Making a Bittorrent Client in Clojure: Talking to an HTTP Tracker

5 minute read

Torrent Trackers

A torrent tracker is a service which keeps information and statistics and can be queried. A tracker can either be an HTTP tracker or and UDP tracker. They differ in that they use different communication protocols but the info they store and relay is still the same. For this project we will implement a mechanism which requests info from an HTTP tracker. It is also worth noting that modern torrent clients use the scrape convention which makes the process of getting information easier, however I will not be implementing that functionality for the time being.

Tracker Request

Lets look at the official specification and see what we need to send to the tracker. There are 6 mandatory fields, namely:

  • info_hash
  • peer_id
  • port
  • uploaded
  • downloaded
  • left

Port, uploaded, downloaded and left don’t require little explaining since they can be calculated easily. The other two field info_hash and peer_id require our attention as they have some rules on how we calculate them.

Info Hash

Info hash is a urlencoded 20-byte SHA1 hash of the value of the info key from the .torrent file. Let’s ignore the urlencoded part and focus on the SHA1 hash part. Hash is a function used in cryptography to transform a data of arbitrary size to a fixed-size value. You can look at it as a function which takes some data and calculates its signature. This means that same data will produce the same signature and each change in data no matter how small causes the hash function to produce a different signature. A SHA1 hash refers to the underlying algorithm of the hash function, in this case the SHA1 algorithm. For our purpose we don’t need to know how it computes the hash.

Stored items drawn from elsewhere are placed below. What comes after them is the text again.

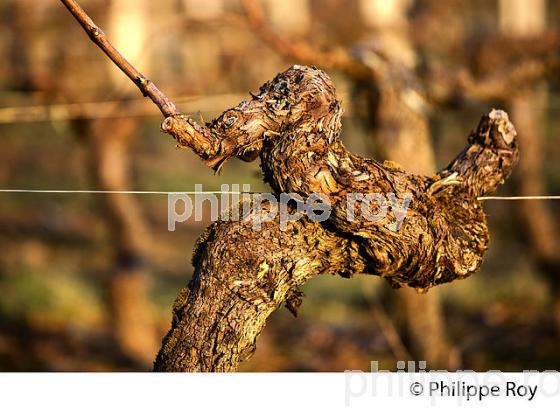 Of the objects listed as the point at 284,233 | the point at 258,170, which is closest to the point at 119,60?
the point at 284,233

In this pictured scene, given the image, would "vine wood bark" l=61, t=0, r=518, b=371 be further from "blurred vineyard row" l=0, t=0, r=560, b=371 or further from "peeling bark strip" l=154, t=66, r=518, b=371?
"blurred vineyard row" l=0, t=0, r=560, b=371

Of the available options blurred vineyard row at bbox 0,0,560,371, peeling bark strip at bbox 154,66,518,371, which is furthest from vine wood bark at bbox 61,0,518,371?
blurred vineyard row at bbox 0,0,560,371

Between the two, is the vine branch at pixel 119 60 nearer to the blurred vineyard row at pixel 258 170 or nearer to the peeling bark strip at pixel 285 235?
the peeling bark strip at pixel 285 235

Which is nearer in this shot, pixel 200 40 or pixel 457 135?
pixel 457 135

Now that we know what a hash is we need to figure out what exactly we need to hash. According to the specification we need to hash the value of the info key. In practice this means we don’t hash the decoded value of the info field, rather we hash it without doing the encoding. Let’s see how we can do this in Clojure: For this project I will be using the Buddy library to do the hashing:

 1(require '[clojure.java.io] '[bencode.core :refer [write-bencode]] '[buddy.core.hash :refer [sha1] '[buddy.core.codecs :refer [bytes->hex]]] )
 2
 3(defn info-hash
 4  [metadata]
 5  (-> (doto (java.io.ByteArrayOutputStream.)
 6        (write-bencode (get metadata "info")))
 7      .toByteArray
 8      sha1))
 9
10(info-hash (torrent->data "ubuntu.torrent"))
11; [-103, -56, 43, -73, 53, 5, -93, -64, -76, 83, -7, -6, 14, -120, 29,
12;  110, 90, 50, -96, -63]
13
14(bytes->hex *1)
15; "99c82bb73505a3c0b453f9fa0e881d6e5a32a0c1"

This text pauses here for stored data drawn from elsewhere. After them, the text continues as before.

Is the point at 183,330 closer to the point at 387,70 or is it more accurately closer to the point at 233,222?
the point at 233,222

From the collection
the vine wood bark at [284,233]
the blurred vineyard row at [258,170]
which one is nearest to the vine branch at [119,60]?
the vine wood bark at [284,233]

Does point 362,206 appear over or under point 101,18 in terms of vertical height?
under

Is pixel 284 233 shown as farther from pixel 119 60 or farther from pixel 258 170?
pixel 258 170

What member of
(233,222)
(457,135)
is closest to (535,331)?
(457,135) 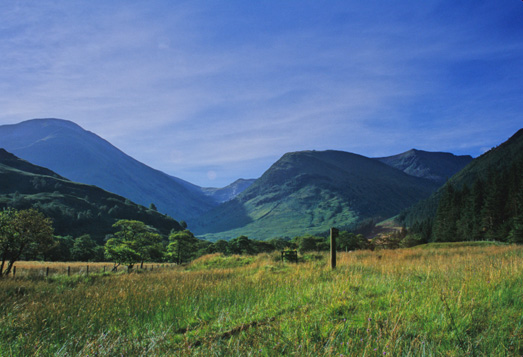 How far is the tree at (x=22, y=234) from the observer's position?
23.5 meters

We defined a function which takes a clojure map which represents the decoded .torrent file. We then get the info field from it and encode in back to bencode. We now transform it into a byte array and hash it using the sha1 function. This outputs a byte array which we can use for our purpose. We can also transform this into a string to see if we did everything right using the bytes->hex function. By going to the ubuntu download webiste we can see that we got the same info hash that is listed with our file.

Peer Id

Peer id is a urlencoded 20-byte string used as a unique ID for the client, generated by the client at startup. There are two conventions when it comes to generating this value, namely Azureus-style and Shadow’s-style. We will use the Azureus-style which uses the following encoding: ‘-’, two characters for client id four ascii digits for version number, ‘-’, followed by random numbers. I will use BU for client id and 0001 for the version number. Let’s write a function which generates our peer id:

1(defn peer-id
2  []
3  (str "-BU0001-" (apply str (take 12 (repeatedly #(rand-int 9))))))
4(peer-id)
5; "-BU0001-548563511188"

Other fields

For the port we will use 6881, uploaded is going to be 0 since we haven’t started downloading, downloaded is going the equal the length of the file, and left is going to be the same as downloaded.

URL encoding

URL encoding is used to convert characters into a representation which can be transmitted over the Internet. For example to transmit the space character we can’t just input it since that breaks the URL, we need to encode it to %20. Since info_hash and peer_id contain characters which may break the URL we need to URL encode them. For this purpose we can use the java.net.URLEncoder class from Java. It is here that we run into a problem, if we just try to use the encode method of the encoder as is our data is going to be encoded as UTF-8 which is a format that doesn’t represent bytes literally. This means our encoding will not represent our bytes. We need and encoding that represents the bytes literally, luckily we have one and it is ISO8859_1. Let’s see the difference between them visually:

1(URLEncoder/encode (String. (info-hash (torrent->data "ubuntu.torrent")))) 
2; "%EF%BF%BD%EF%BF%BD%2B%EF%BF%BD5%05%EF%BF%BD%EF%BF%BD%EF%BF%BDS%EF%BF%BD%EF%BF%BD%0E%EF%BF%BD%1DnZ2%EF%BF%BD%EF%BF%BD"
3(URLEncoder/encode (String. (info-hash (torrent->data "ubuntu.torrent")) "ISO_8859_1") "ISO_8859_1") 
4; "%99%C8%2B%B75%05%A3%C0%B4S%F9%FA%0E%88%1DnZ2%A0%C1"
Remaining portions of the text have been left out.